Par Mabiala Ma-Umba
En 2026, lors du prochain Sommet de la Francophonie prévu au Cambodge, les Chefs d’Etat éliront le prochain Secrétaire général de la Francophonie qui remplacera la rwandaise Louise Mushikiwabo. La République Démocratique du Congo (RDC) a toutes les chances de produire le prochain Secrétaire général de la Francophonie, à condition de présenter la candidature d’un homme ou d’une femme jouissant d’une crédibilité et d’un rayonnement indéniables, sur le plan international, dans le monde francophone et au-delà.

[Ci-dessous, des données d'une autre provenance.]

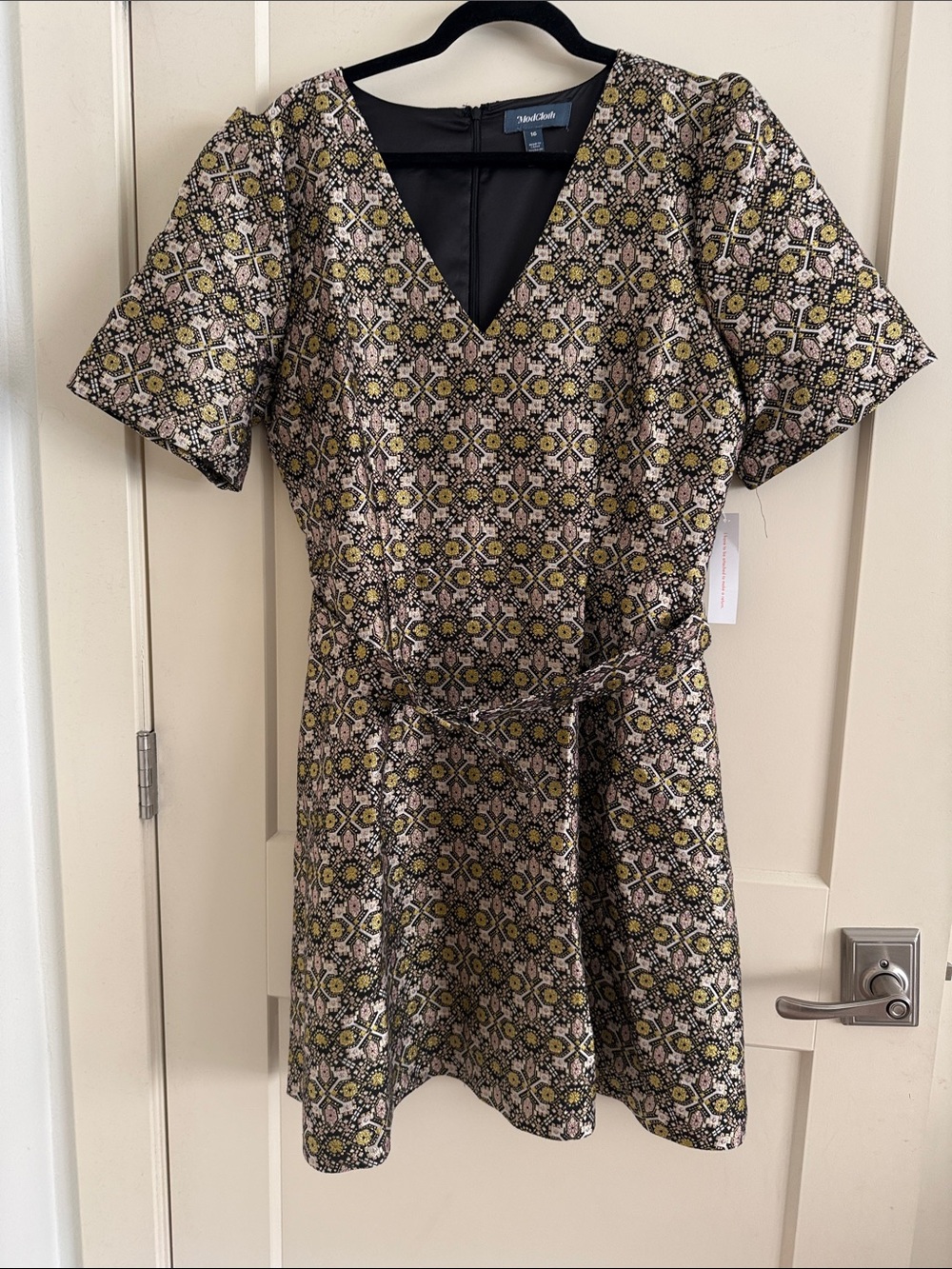 Black and Gold Floral Jacquard Mini Dress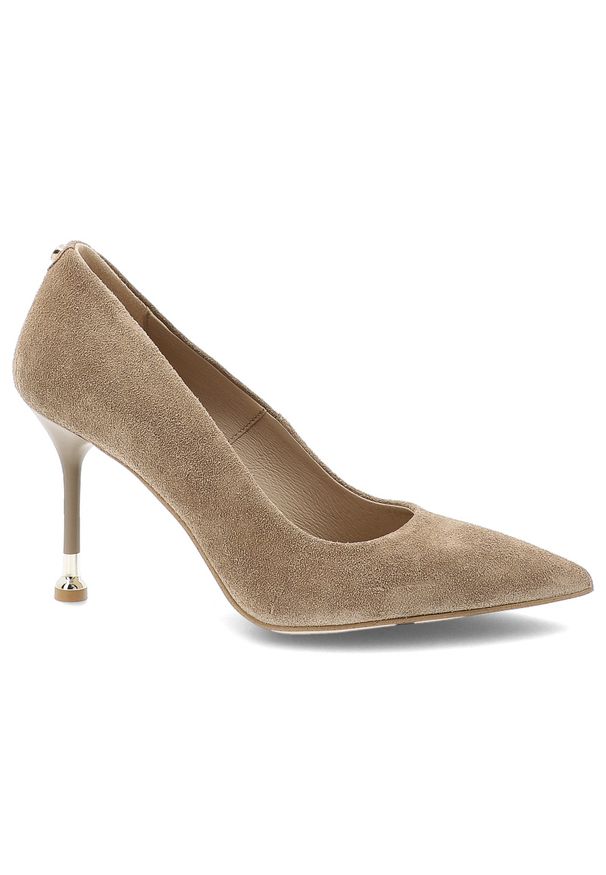 CheBello - Czółenka damskie Chebello, ze skóry zamszowej wsuwane i na wysokiej szpilce, beżowe, 5021_-084-000-PSK-S423. Zapięcie: bez zapięcia. Kolor: beżowy. Materiał: skóra, zamsz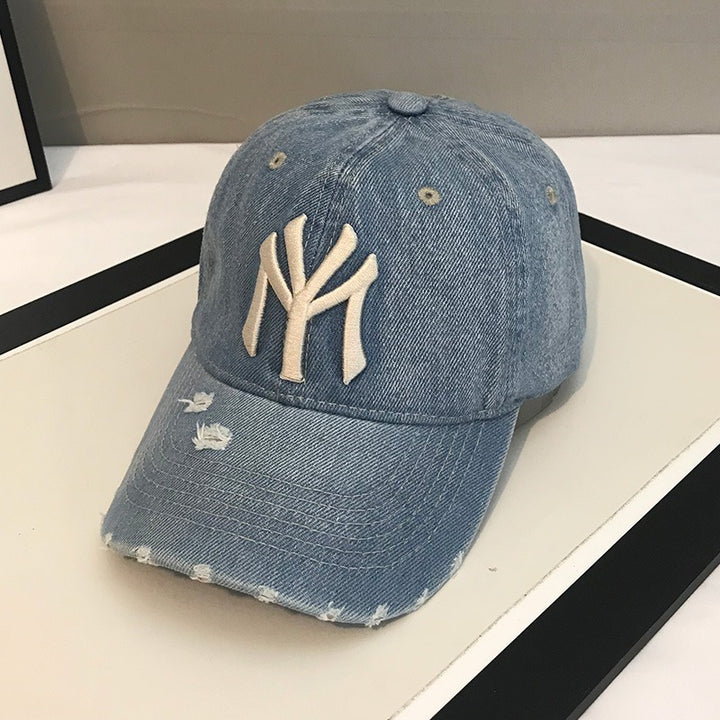 Men's Distressed Denim Baseball Cap Bowlift 1784188165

Le Secrétaire général de la Francophonie a rang de Chef d’Etat. Aujourd’hui, les États membres recherchent un Secrétaire général qui saura redonner à la Francophonie ses lettres de noblesse, sur les pas du Président Abdou Diouf. Les États membres recherchent un Secrétaire général qui ne soit pas nécessairement un ancien Chef d’État mais qui soit une personnalité inspirante, reconnue mondialement pour son engagement en faveur de l’humanité, de la paix, de la démocratie, des droits de l’homme, de la bonne gouvernance, respecté aussi bien par les Chefs d’État que par les citoyens ordinaires…
Un homme ou une femme qui inspire confiance et respect.
Le Secrétaire général est la clef de voûte des institutions de la Francophonie. Il remplit ses fonctions de manière indépendante, au service de l’ensemble des États membres ! En tant qu’organisation multilatérale, l’Organisation internationale de la Francophonie (OIF) est un lieu de confrontation des intérêts divers, comme aux Nations Unies ! Chaque Etat membre y va pour défendre ses intérêts. Le Secrétaire général de la Francophonie joue, plus ou moins, le rôle de « facilitateur » pour aider les Etats membres à arriver à des consensus sur des questions d’intérêt commun. Ce sont les États membres qui décident. A l’OIF, les décisions se prennent habituellement et de préférence par consensus. Le poste de Secrétaire général de la Francophonie exige donc de grandes capacités d’écoute vis-à-vis des Etats membres mais le Secrétaire général lui-même doit être un homme ou une femme crédible, qui inspire confiance et respect…
Bien que l’Agence de Coopération Culturelle et Technique (ACCT), ancêtre de ce qui est aujourd’hui l’OIF, ait été fondée en 1970, on considère que c’est Boutros Boutros Ghali qui a été le premier Secrétaire général de la Francophonie.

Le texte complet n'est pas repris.